There was a gorgeous girl at one of the playgrounds in Italy last week. She looked amazing in clothes that weren't my style, and would never have suited me, but any chance to speak not only fashion but also in Italian is not to be sniffed at. I approached her and falteringly said, gesturing at her outfit "Mi piace molto il suo stilo." She looked stunned, and then delighted. "Io??" she said. And there followed a conversation as fashioncentric as my limited Italian would allow, including what we'd read and seen in the latest Elle. 

I wasn't expecting to make a new Fashion Friend in Starbucks the other day: it wasn't that kind of day. My new iPhone, needed after The Bub threw the old one on the floor after a 4-hour wait at Pisa airport (and who could blame him? Bloody Ryanair) wasn't in stock and we'd just had a fairly disastrous nappy changing incident. I was pretty much desperate for that triple shot soy capp. But when a girl walked in, all 6 feet, 8 stone and 19 years of her, wearing the faux fur gilet that I'd bought at Zara just a few weeks ago, I felt my mood brighten. She was wearing it exactly as I planned to - with skinny jeans and high lace-up suedy boots in a shade of camel. Except that, since she was clearly an aspiring supermoggle, she looked a million bucks. Clearly the baristas, forgetting my triple shot soy capp in the lunge to serve her, thought so too. 

I smile. "I bought that gilet the other day. I was going to save it until the weather got colder but it looks so great on you that I think you may have ruined it for me now." 

She looks me up and down. Smiles, but not in a friendly way. Raises one eyebrow. "Oh? Sorry about that." 
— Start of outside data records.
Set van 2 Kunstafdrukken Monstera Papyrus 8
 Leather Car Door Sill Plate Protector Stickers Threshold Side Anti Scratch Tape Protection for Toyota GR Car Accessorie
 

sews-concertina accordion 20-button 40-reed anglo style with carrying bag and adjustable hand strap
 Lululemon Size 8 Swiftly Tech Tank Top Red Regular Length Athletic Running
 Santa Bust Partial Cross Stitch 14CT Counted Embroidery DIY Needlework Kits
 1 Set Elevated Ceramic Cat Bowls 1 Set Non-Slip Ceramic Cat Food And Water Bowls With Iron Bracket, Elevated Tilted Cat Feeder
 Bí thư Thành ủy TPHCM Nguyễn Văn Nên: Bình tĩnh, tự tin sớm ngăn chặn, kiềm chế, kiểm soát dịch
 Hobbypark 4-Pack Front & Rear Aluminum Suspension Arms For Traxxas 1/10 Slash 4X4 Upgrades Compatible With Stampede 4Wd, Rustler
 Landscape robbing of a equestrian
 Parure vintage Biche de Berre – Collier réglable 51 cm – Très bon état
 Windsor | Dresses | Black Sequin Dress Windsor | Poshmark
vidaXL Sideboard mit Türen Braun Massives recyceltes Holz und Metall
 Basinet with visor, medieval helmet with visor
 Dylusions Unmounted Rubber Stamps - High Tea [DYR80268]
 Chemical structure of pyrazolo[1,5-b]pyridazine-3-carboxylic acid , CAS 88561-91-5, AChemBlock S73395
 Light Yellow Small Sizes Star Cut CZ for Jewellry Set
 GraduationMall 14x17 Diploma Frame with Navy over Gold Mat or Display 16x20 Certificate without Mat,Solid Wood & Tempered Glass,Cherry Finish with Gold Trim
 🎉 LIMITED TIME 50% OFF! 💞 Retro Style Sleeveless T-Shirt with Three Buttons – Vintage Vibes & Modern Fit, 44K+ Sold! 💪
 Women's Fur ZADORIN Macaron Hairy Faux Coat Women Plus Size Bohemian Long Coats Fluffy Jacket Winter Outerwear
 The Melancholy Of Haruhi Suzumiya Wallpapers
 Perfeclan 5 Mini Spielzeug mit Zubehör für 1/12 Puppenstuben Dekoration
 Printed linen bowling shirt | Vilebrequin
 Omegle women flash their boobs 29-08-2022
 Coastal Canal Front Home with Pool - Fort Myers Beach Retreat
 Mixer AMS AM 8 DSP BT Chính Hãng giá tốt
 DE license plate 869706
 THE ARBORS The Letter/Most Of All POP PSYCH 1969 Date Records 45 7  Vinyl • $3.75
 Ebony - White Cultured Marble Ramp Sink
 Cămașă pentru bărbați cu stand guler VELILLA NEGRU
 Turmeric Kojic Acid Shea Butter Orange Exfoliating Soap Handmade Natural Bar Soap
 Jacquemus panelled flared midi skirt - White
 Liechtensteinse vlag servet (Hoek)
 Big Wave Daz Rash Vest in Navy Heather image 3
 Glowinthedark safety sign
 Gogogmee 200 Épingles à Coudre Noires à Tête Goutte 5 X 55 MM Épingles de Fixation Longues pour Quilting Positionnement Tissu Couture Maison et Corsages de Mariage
She takes her coffee and goes, leaving smitten baristas in puddles on the floor. I suddenly see myself the way she must see me - no supermoggle, not even supermum, just a frazzled 37 year old with no make up, unkempt hair, grey skinnies and a black sweater, balancing a baby and sporting a broken iPhone. I can't help but laugh: I should be miffed but actually she has made my day. 

A few nights later I accept that autumn is happening, whether I like it or not, and wear the gilet, complete with indigo skinines and camel boots, out to dinner with The Bearded One. As we leave the restaurant, a lady accosts me. She is possibly about my mum's age, wearing an ugly floral dress and a jacket that doesn't look good with it at all. 

"I love your coat! where did you get it?" she asks. 

Instantly, I am transported to a state of teenage petulance, a flashback to my mum expressing approval for an outfit choice or new purchase - if she likes it then it's going straight on the bonfire!! And then I remember the Supermoggle. 

"Thank you! It's from Zara. It was only about £40." I smile at her. "You should get one. I bet it would look great on you."